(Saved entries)
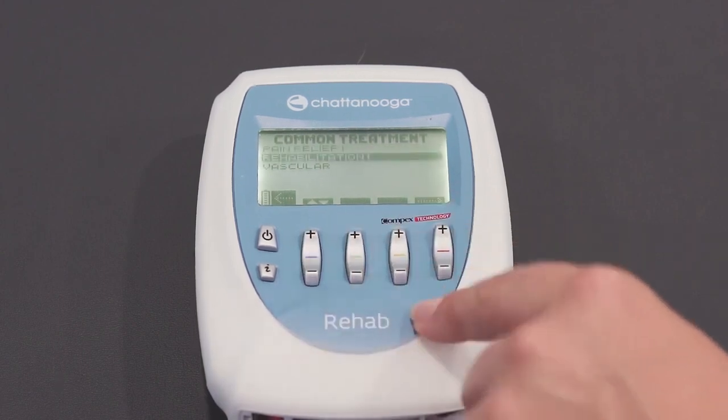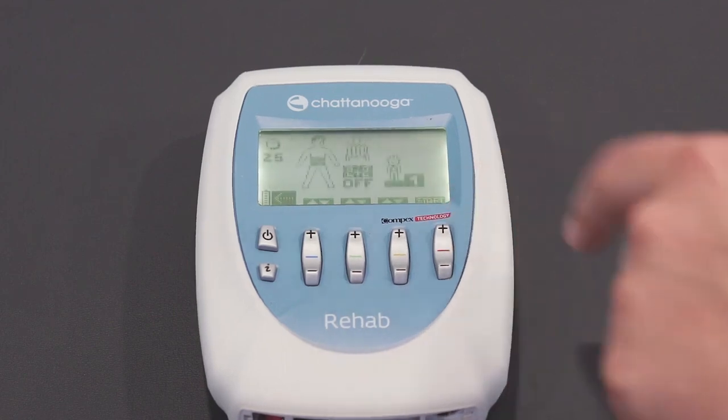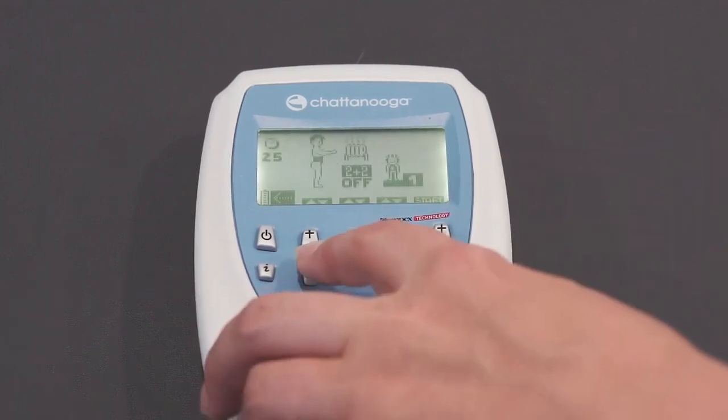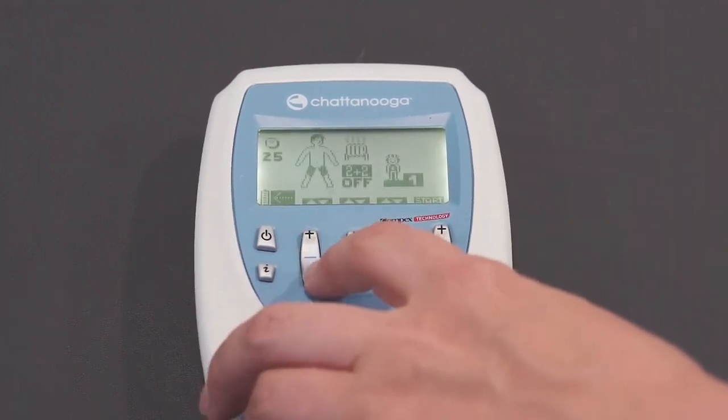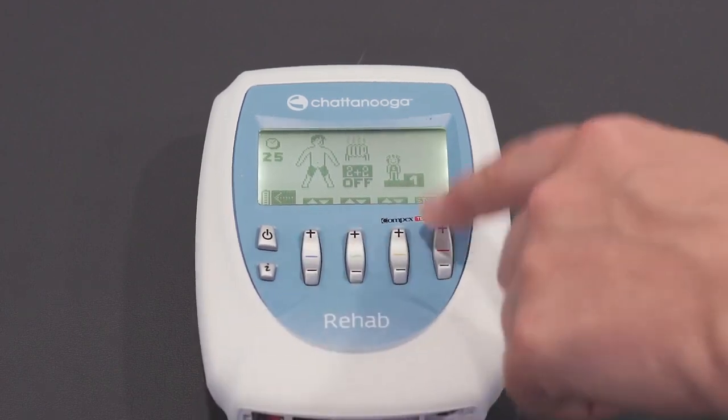To start with, press enter on common treatments. Scroll down to rehabilitation 1 and enter on disuse atrophy. You need to let the machine know which part of the body you are targeting. Scroll down until the quadriceps area is blacked out and then press start.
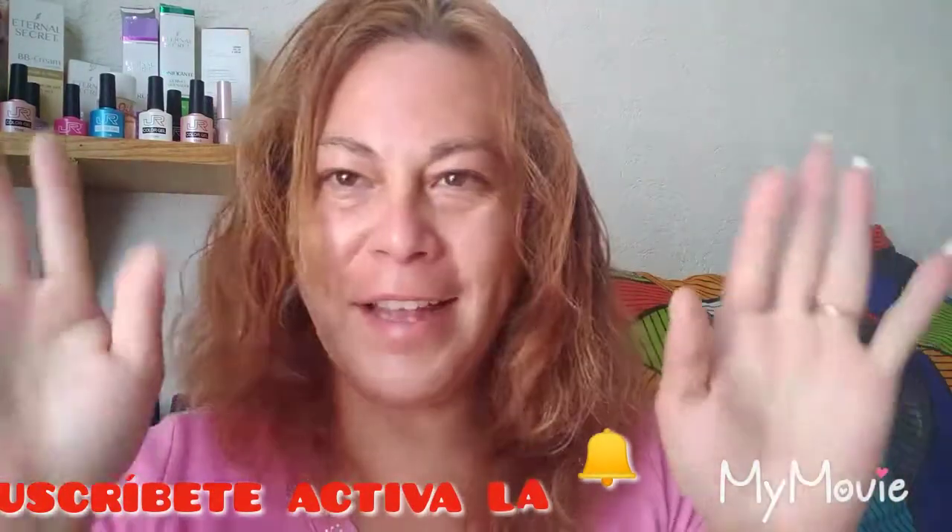Bye, bye. Que estén bien. Hasta luego. Si hacen algún tratamiento o algo relacionado sobre el tema de TV Super Glow, etiquétenme, comentenme en Instagram. Que estén bien. Bye, bye.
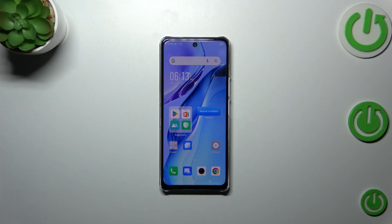Hi everyone. In front of me I've got the Infinix Note 30, and let me share with you how to check for the software updates of this device.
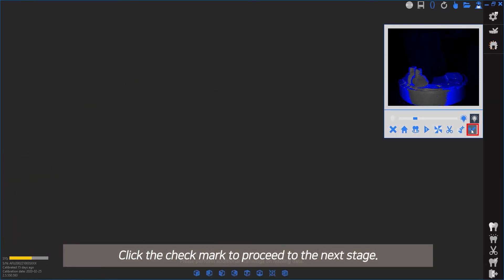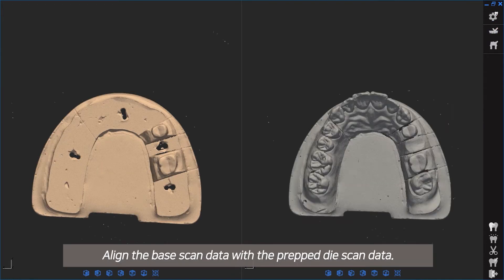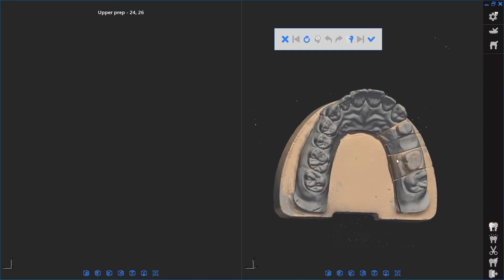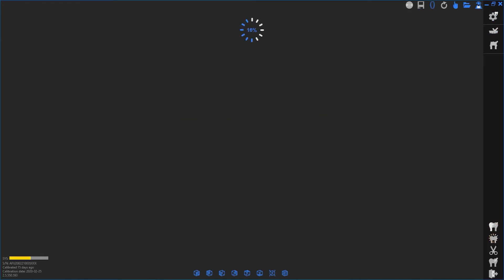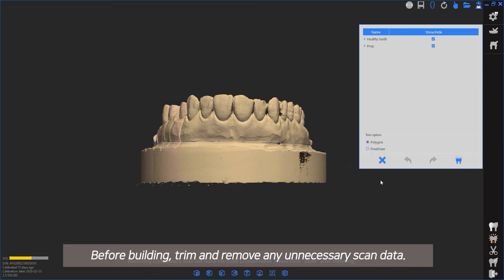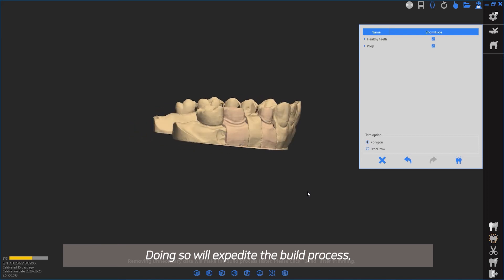Click the checkmark to proceed to the next stage. Align the base scan data with the prepped dies scan data. Before building, trim and remove any unnecessary scan data. Doing so will expedite the build process.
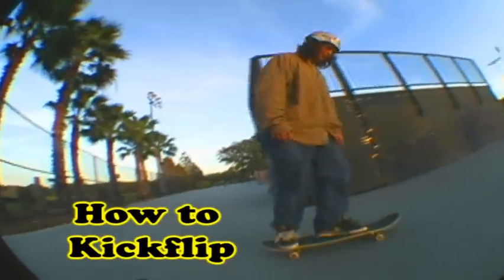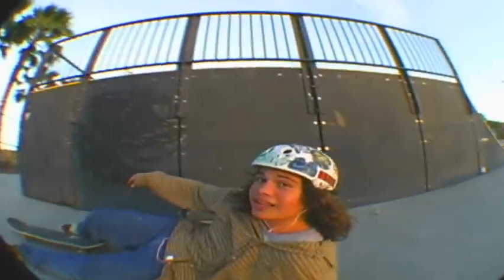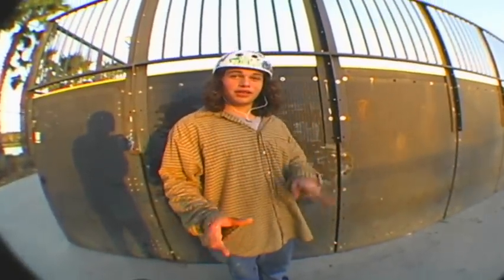Yeah, I like that. Hi, my name is Phil, and that is the un-proper way to do a kickflip. Alright, I'm going to teach you guys how to do a proper kickflip.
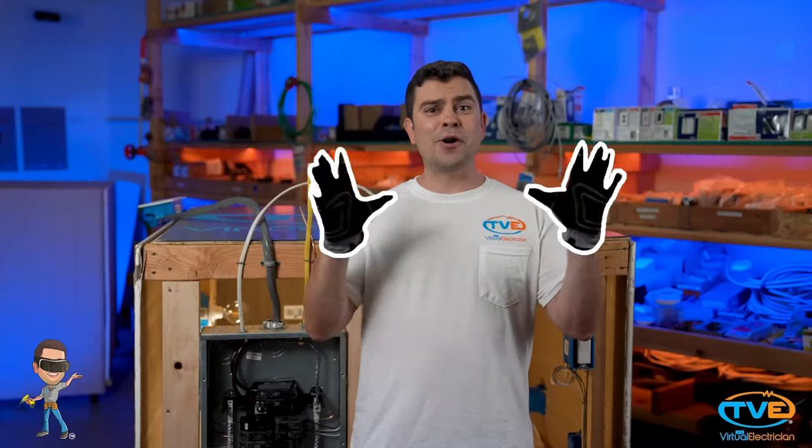Some people think you can just plug anything into an outlet and there not be any consequences. Not true! What you really need to do is check the watts of what you are plugging in and make sure that the circuit breaker the outlet is connected to can handle that load.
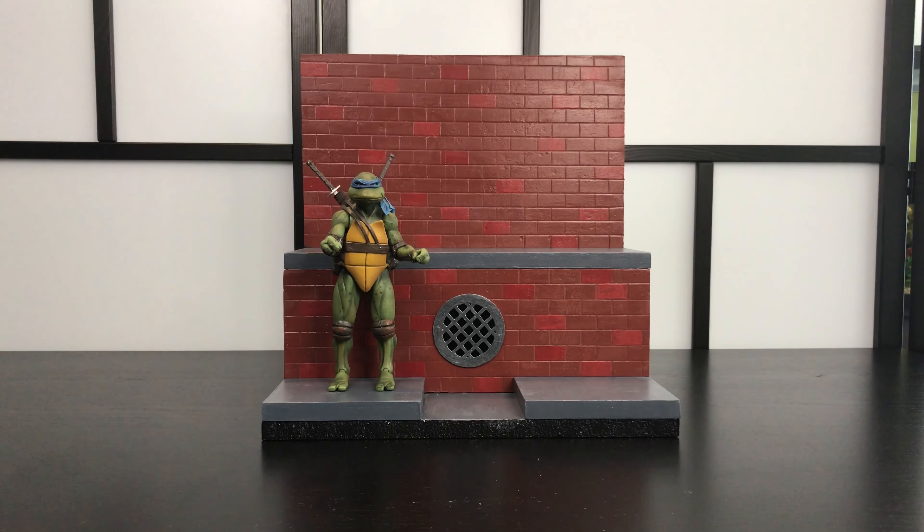Hey guys, welcome back to another Titus Diorama and Action Figure Review, and in today's video we are going to be taking a look at my latest Teenage Mutant Ninja Turtle sewer diorama which I made for a friend. So let's get to it.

● **Assignment**: Write out exactly and only the lines that run from the start of the data above through the line containing "Bye, bye. Que", leaving the pictures out.

● **Written solution**:
To start with, press enter on common treatments. Scroll down to rehabilitation 1 and enter on disuse atrophy. You need to let the machine know which part of the body you are targeting. Scroll down until the quadriceps area is blacked out and then press start.
Bye, bye. Que estén bien. Hasta luego. Si hacen algún tratamiento o algo relacionado sobre el tema de TV Super Glow, etiquétenme, comentenme en Instagram. Que estén bien. Bye, bye.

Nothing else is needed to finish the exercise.